Luego abracé a Angelita, después a Montse, más tarde ya no sabría nunca a quién, ni cómo, ni en qué orden, perdida como estaba en aquella confusión de nervios y de brazos, de labios y de manos, la sangre caliente, efervescente, complicándolo todo como un rebrote compasivo, traicionero, de la juventud que se nos había escapado esperando aquel momento, una emoción que no podía agotarse, porque estábamos todos, porque ya había llegado Comprendes, porque Angelita había venido con él, porque ya no nos faltaba nadie. Eso fue lo que sentí, que no nos faltaba nadie, que aquella tarde por fin estábamos todos, los que podíamos vernos, besarnos, los que podíamos hablar, tocarnos, y los demás, el Bocas y el Ninot, Tijeras, al que habían fusilado en el 45, el Afilador, que había corrido la misma suerte unos meses más tarde, el Churrero, que le acompañó en el paredón, y Paco el Rubio, que sólo llevaba diecisiete días casado cuando cruzó la frontera para no volver jamás, y el Tarugo, que había caído en el 49, en un tiroteo con la Guardia Civil, en los montes de Toledo, y Hormiguita, que se había estrellado con un coche después de saltarse un control de carreteras en la provincia de Lérida, precisamente en la provincia de Lérida, en 1952, y el Tranquilo, que había muerto en el hospital penitenciario de Carabanchel unos meses antes de la amnistía, y muchos otros, todos los muertos de Arán y muchos más, conocidos y desconocidos, felices o desgraciados, próximos o remotos, algunos vivos, otros muertos, pero todos presentes sin embargo, con su rostro y con su historia, su nombre y sus apellidos, en la escalera del cine Capitol, aquella tarde de abril de 1977.
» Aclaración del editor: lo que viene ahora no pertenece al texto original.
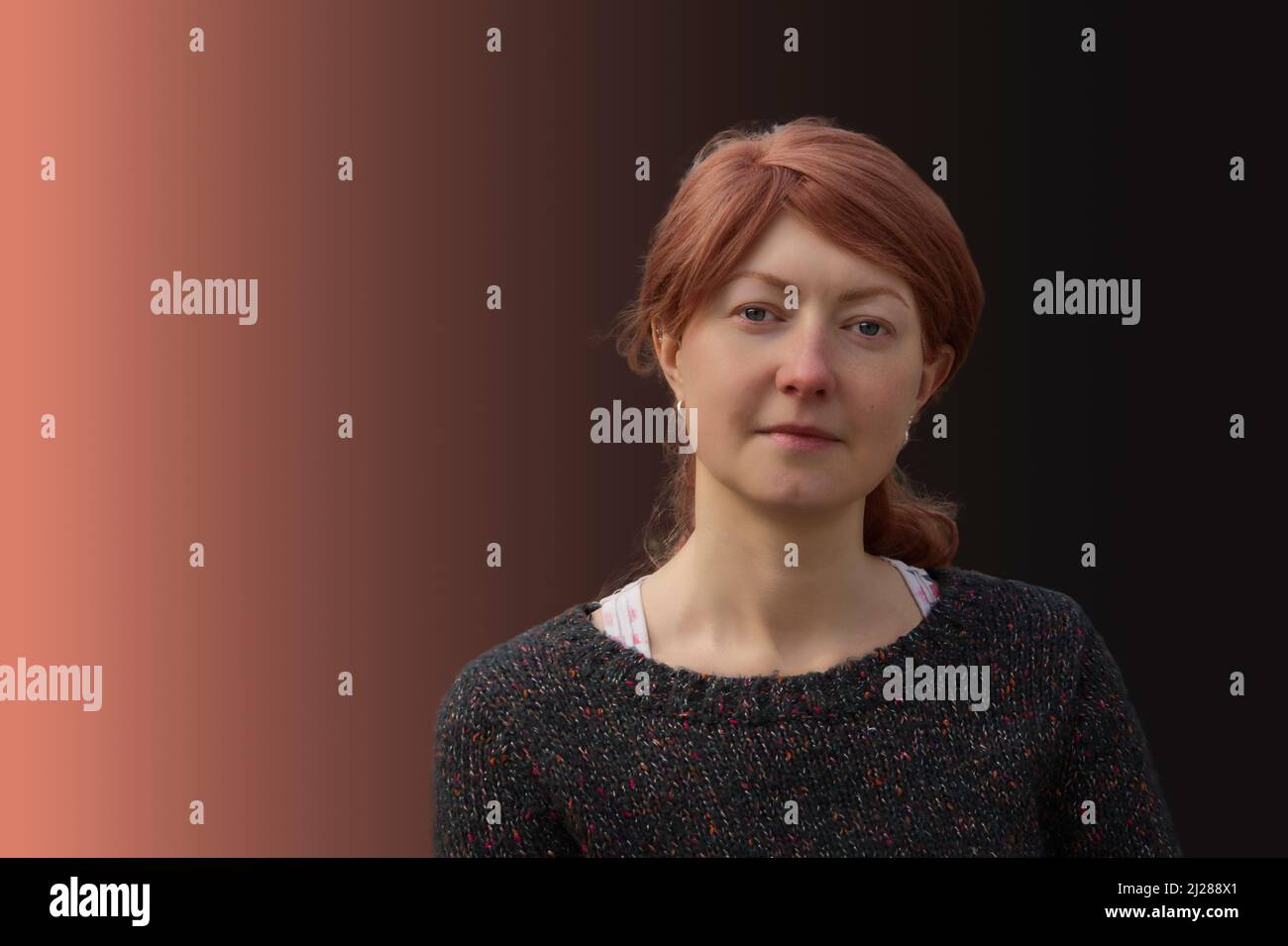Ritratto di una donna dai capelli rossi su sfondo rosso-nero Foto Stock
Cuando terminó la larga, complicada ceremonia de los reencuentros y las bienvenidas, Antonio ya había montado el trípode en uno de los peldaños más bajos, y Adela, que se había limitado a subir el coche sobre la acera con las luces de emergencia puestas y ese desparpajo que sacaba a su padre de quicio, estaba a su lado, con un sobrino en cada mano, la otra pegada a su falda, y toda su atención puesta en las instrucciones que empezó a transmitirnos enseguida.
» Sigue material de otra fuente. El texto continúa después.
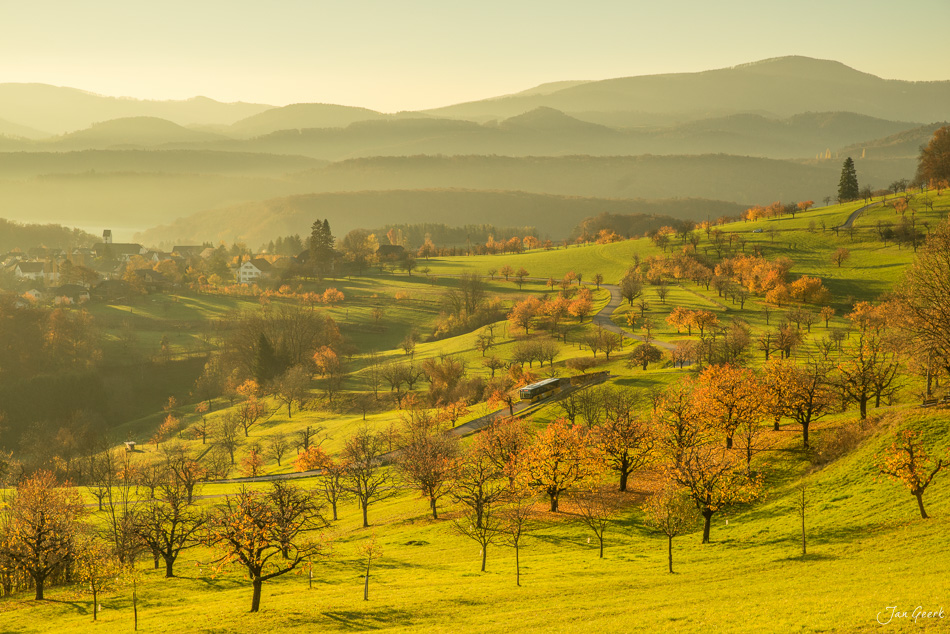 Herbstliche Hügellandschaft Nuglar mit Obstbäumen, Wiesen und Zug in goldenem Morgenlicht, Baseland Schweiz – Jan Geerk Fotograf Basel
—A ver, poneos en tres filas, los más altos detrás, por favor —y al mirarla, me pareció que Antonio y ella hacían buena pareja—. Juanito, no te veo, muévete un poco… Ahí no, que te tapa Román, a tu izquierda, muy bien… Sole, ¡por favor!, no me hagas pucheros. Papá, tú estás tapando a Diego, cámbiale el sitio. Angelita, hija, deja el bolso en el suelo, que parece que llevas una alforja, y tú, Lola, sonríe, que es gratis… Ramón, tú también estás muy triste, así, mejor… —entonces se volvió hacia él—. ¿Qué tal?
—Muy bien —y la besó en la cara—. Tienes mucho talento para dar órdenes.
—Viene de familia —contestó Adela, echándose a reír—. A mi padre ya lo has visto, y cuando conozcas bien a mi hermana mayor, te vas a enterar… Y por cierto, ¿qué hacemos con las rosquillas?
—Con las rosquillas nada —su propietario había colocado la sombrerera en el escalón que estaba justo debajo de sus pies—. Las rosquillas se quedan aquí, ¿comprendes?
—Sí, mejor —asintió Antonio, que nos miraba a través del objetivo, antes de volver a hablar en el oído de Adela.